Using the entries below, output each line exactly from the first through the one that contains "Kora Khaadi Dhoti".

[Opening Records for processing section]

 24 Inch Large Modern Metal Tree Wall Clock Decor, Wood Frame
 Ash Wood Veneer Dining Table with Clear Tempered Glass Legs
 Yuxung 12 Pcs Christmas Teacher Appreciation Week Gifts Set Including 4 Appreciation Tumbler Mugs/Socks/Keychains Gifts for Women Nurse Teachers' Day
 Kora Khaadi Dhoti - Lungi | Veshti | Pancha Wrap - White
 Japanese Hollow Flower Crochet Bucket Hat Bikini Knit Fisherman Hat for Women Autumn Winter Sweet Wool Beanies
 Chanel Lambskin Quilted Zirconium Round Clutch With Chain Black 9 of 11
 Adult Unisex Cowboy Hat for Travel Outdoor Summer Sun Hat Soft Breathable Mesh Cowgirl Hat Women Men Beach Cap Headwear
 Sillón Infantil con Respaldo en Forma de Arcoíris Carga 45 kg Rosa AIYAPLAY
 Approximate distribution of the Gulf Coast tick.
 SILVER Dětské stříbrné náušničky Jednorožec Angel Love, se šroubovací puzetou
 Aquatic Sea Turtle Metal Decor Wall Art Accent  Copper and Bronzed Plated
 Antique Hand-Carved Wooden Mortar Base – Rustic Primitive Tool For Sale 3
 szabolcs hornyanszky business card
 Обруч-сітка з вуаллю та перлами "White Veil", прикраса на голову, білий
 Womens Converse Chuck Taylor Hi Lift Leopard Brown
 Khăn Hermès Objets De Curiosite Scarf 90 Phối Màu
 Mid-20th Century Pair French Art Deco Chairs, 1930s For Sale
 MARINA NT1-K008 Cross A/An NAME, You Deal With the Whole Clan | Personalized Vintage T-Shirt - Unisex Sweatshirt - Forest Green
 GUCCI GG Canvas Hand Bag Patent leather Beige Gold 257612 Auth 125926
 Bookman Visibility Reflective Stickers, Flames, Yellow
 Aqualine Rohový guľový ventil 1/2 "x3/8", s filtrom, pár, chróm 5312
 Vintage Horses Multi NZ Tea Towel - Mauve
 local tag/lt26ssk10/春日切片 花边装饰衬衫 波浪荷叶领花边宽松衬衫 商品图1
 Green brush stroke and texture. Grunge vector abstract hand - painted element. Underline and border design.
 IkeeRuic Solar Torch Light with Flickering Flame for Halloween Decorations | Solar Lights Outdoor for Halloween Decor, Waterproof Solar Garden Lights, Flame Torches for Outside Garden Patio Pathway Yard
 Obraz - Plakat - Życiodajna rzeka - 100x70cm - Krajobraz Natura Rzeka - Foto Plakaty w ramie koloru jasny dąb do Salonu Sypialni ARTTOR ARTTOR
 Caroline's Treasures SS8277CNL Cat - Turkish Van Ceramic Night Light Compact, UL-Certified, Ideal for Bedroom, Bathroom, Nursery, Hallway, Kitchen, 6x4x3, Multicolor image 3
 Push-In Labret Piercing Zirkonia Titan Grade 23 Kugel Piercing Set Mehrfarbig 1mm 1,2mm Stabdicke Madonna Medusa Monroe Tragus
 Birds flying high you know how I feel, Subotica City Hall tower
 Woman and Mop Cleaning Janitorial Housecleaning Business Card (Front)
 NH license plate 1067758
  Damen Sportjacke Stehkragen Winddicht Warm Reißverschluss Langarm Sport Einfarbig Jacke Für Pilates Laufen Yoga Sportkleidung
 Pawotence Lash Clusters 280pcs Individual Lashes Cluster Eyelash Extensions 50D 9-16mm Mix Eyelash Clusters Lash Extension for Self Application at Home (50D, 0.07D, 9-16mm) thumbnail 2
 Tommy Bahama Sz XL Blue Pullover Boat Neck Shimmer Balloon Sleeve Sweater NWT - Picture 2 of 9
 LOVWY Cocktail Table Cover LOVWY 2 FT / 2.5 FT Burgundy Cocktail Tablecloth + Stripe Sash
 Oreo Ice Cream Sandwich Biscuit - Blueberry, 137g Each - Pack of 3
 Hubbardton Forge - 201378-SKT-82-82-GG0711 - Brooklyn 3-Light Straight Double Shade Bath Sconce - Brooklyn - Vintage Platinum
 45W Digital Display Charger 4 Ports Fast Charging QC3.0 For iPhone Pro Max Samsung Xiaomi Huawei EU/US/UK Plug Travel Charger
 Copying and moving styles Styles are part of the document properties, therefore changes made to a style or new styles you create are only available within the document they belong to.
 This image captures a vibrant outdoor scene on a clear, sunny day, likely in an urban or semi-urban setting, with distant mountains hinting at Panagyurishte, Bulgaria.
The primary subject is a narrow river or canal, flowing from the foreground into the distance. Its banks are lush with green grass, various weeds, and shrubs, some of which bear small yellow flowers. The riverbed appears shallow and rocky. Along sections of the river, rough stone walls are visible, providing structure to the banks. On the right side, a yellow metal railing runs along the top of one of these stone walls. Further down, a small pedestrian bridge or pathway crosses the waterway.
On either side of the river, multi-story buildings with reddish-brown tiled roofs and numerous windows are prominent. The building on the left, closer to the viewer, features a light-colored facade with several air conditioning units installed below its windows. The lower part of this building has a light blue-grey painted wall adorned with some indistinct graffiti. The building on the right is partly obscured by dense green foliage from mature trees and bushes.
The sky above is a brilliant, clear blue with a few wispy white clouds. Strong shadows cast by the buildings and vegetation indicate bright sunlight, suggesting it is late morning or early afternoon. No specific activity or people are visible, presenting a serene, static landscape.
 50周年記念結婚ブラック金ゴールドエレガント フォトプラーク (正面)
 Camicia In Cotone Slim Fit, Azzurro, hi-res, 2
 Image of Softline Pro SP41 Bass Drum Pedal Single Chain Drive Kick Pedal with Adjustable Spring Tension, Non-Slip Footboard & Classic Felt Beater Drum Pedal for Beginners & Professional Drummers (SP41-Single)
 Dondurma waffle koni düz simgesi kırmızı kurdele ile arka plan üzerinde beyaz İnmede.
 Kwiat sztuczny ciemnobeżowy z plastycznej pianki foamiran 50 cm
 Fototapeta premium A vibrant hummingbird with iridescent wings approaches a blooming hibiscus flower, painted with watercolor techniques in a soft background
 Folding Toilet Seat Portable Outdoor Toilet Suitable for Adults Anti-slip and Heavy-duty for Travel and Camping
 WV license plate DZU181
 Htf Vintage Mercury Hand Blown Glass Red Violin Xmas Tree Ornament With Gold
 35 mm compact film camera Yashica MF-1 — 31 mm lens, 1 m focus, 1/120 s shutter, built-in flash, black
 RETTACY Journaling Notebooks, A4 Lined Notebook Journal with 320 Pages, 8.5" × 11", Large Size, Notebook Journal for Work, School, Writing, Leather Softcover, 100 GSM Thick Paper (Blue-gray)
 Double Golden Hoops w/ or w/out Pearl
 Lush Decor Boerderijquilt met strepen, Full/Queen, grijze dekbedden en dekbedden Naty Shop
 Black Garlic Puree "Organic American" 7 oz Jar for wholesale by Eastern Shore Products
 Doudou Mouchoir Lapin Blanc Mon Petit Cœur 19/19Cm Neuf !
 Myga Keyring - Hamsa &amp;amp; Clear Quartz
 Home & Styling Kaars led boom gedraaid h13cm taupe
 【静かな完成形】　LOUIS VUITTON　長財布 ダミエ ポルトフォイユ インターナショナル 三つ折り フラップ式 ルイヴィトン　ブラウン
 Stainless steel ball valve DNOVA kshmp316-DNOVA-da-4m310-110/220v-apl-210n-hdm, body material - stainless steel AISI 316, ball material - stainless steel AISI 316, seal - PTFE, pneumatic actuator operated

[Closing Records for processing section]

• Response:
 24 Inch Large Modern Metal Tree Wall Clock Decor, Wood Frame
 Ash Wood Veneer Dining Table with Clear Tempered Glass Legs
 Yuxung 12 Pcs Christmas Teacher Appreciation Week Gifts Set Including 4 Appreciation Tumbler Mugs/Socks/Keychains Gifts for Women Nurse Teachers' Day
 Kora Khaadi Dhoti - Lungi | Veshti | Pancha Wrap - White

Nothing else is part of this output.